This memorandum is stated to derive from the basic principle “That interchange on design and construction of new weapons and equipment is to be carried out only to the extent that the recipient of the information is in a position to take advantage of this information in this war.”

The memorandum sets out the logical result of applying this principle to all phases of the S–1 project, in the light of the respective American and British programmes then envisaged. It limits drastically interchange of technical information and entirely destroys the original conception of “A coordinated or even jointly conducted effort between the two countries.”

Prime
  1. Transmitted via military channels.
  2. For the authoritative American history of the collaboration between the United States and the United Kingdom in the interchange of scientific information of military application, particularly atomic energy, from 1940 to January 1943, see Hewlett and Anderson, pp. 256–270.
  3. Roosevelt’s letter read as follows:

    “It appears desirable that we should soon correspond or converse concerning the subject which is under study by your Maud committee, and by Dr.
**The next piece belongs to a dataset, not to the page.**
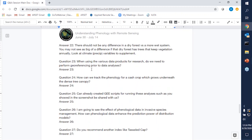Question twenty-three: when using the various data products for research, do we need to perform geo-referencing prior to data analysis?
Bush’s organization in this country, in order that any extended efforts may be coordinated or even jointly conducted. I suggest, for identification, that we refer to this subject as Mayson .

    “I send this message by Mr. Hovde, head of the London office of our scientific organization, as he can, if necessary, identify the subject more explicitly, or answer your questions concerning the form of organization by which it is now being handled in this country.” (Roosevelt Papers)

  4. Sir John Anderson.
  5. Regarding the Roosevelt–Churchill discussions of the atomic bomb project during their meetings at Hyde Park in June 1942, see Foreign Relations, The Conferences at Washington, 1941–1942, and Casablanca, 1943, p. 432.